These little savory muffins are so easy to make and even easier to eat! They’re delicious fresh out of the oven, but also great cold for picnics or school lunches, or even re-heathed the next day for a quick breakfast or light lunch (if any make it to the next day, of course!). This recipe will make around 24 muffins if using a 12-muffin tin, or an awful lot of mini muffins if using a smaller tin. I made a combination of both.
Preheat the oven to 180°C/350°F/Gas Mark 4. Peel and finely slice one red onion, finely slice one red capsicum, dice 8-10 slices of salami and grate one large or two small zucchini. Add all of these into a large mixing bowl with ½ cup grated parmesan cheese and ½ cup grated cheddar or tasty cheese, and ½ cup Rice Bran Oil. Mix with a spoon to combine.

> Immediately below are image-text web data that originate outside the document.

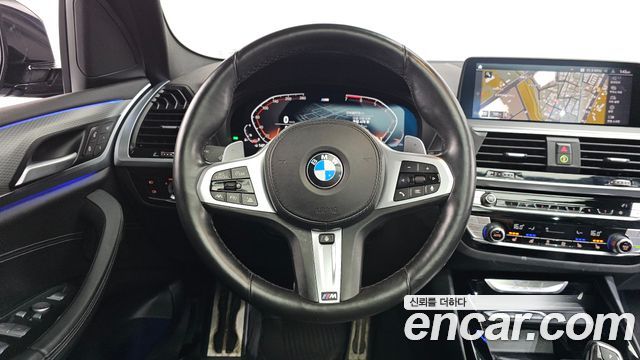 BMW X3 (G01) xDrive 20i M Sport 2021 — фото 17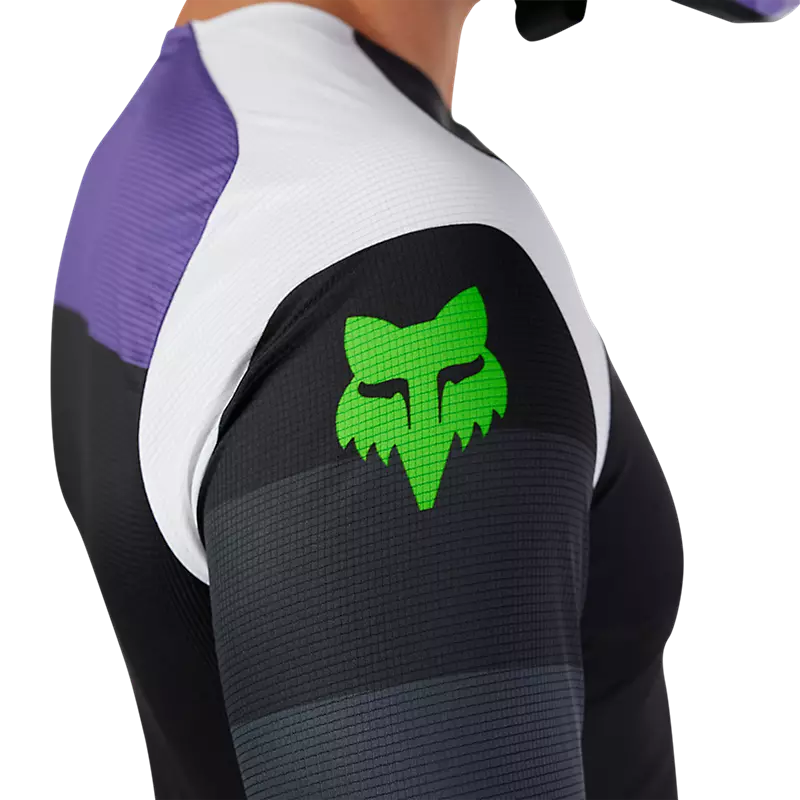 Flexair Grid Jersey - Black/Purple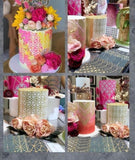 Cake Stencil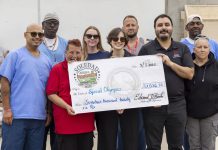 CTF-Soledad hosts Special Olympics Flame of Hope event Correctional Training Facility Special Olympics Flame of Hope inmates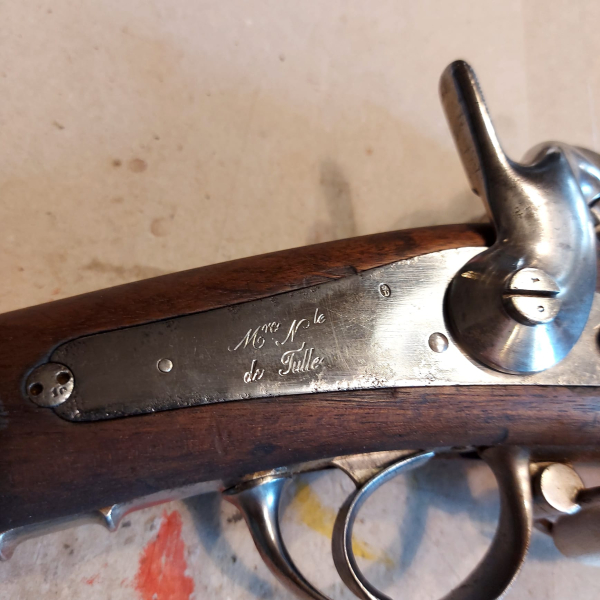 Vorderlader Infant.Gewehr 1817-42 – nuotrauka 4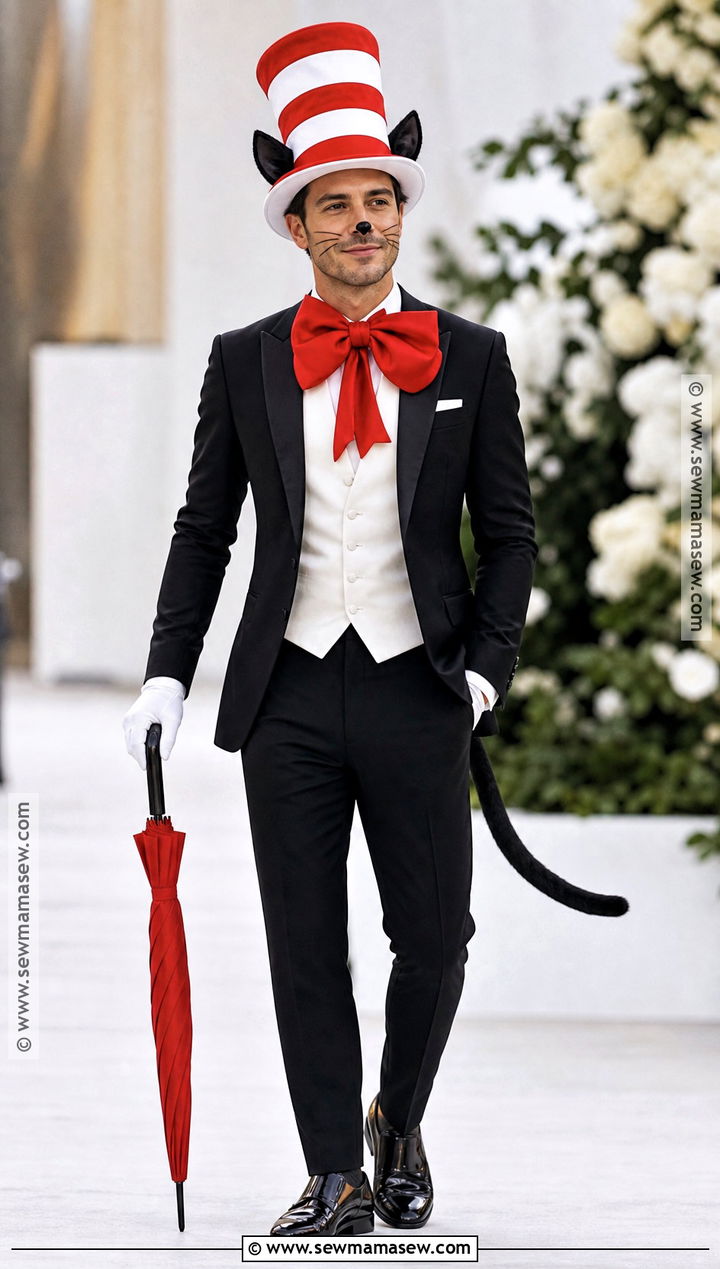 Cat In The Hat Suit Costume - 30 cat and the hat costume ideas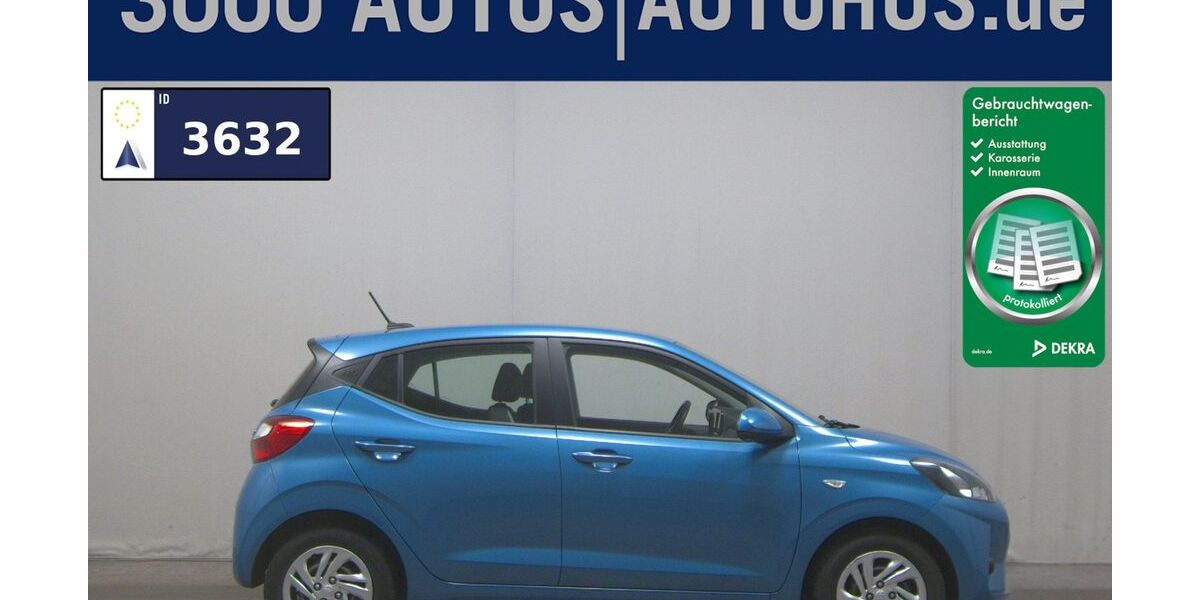 Hyundai i10 60.974 km 9.180 &euro; Gyhum/Bockel 27404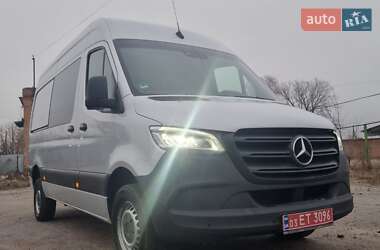 Вантажний фургон Mercedes-Benz Sprinter 2019 в Бердичеві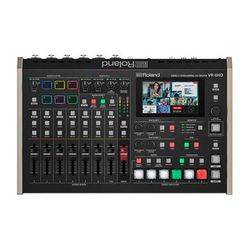 Roland Used VR-6HD Direct Streaming AV Mixer VR-6HD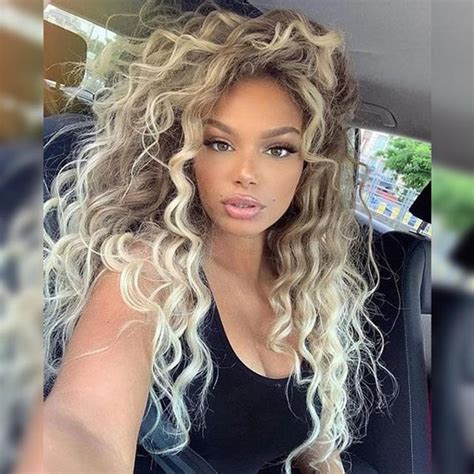 Long Curly Blonde Wig Glueless Party Daily Wear Seamiss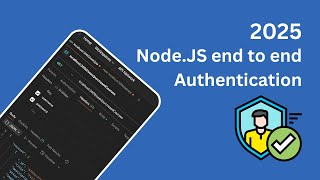 Build a Complete Backend for Authentication API with Node.js, Express, Mongoose & MongoDB | Tutorial
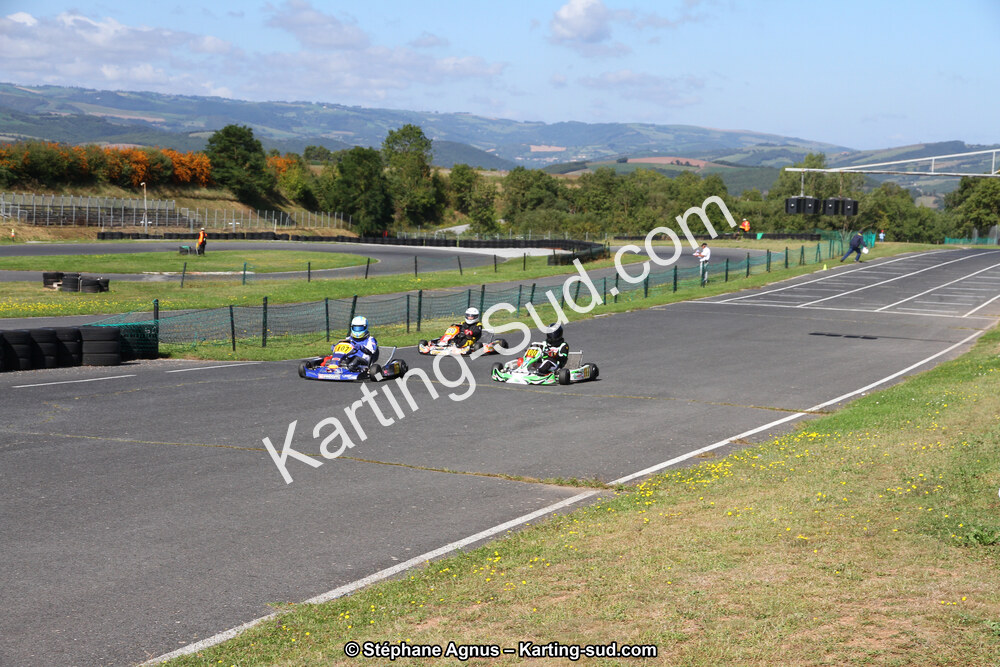 31/08/2014 : 5ème manche du Championnat du Sud à Belmont (Photos Stéphane Agnus) 2014 — karting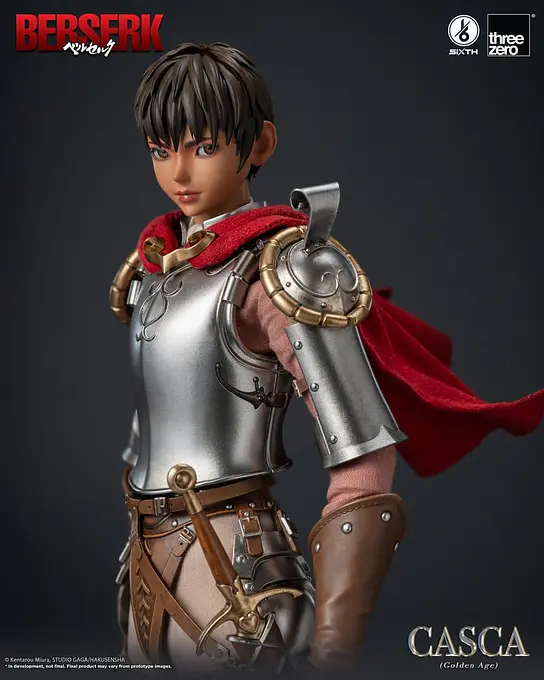 Berserk Casca (Golden Age) 1/6 Scale Action Figure 28 cm | threezero photo 8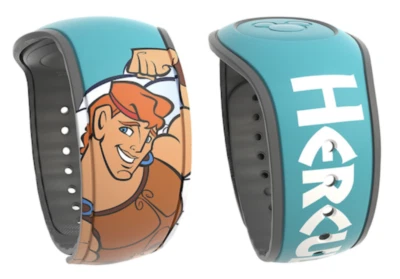 New Disney World Hercules Teal Magicband 2.0 Link It Later - image 1 of 3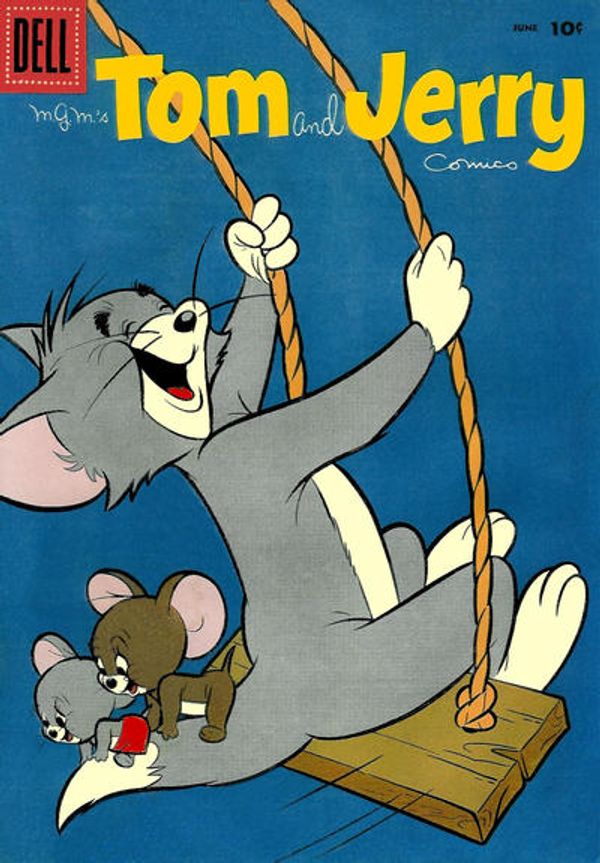 Tom & Jerry Comics #167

Add the 3 eggs, 2 cups of plain or wholemeal self-raising flour and season with freshly ground sea salt and black pepper. Mix everything together until combined.
Grease your muffin tin. Fill each muffin cup to the top with the mixture. Place your tray in the oven for 25-30 minutes, depending on the size of the muffin tin (and also, if your oven is anything like mine, which shelf you’re cooking on!). Once cooked, remove from the tin and leave to rest for a couple of minutes until cool enough to touch.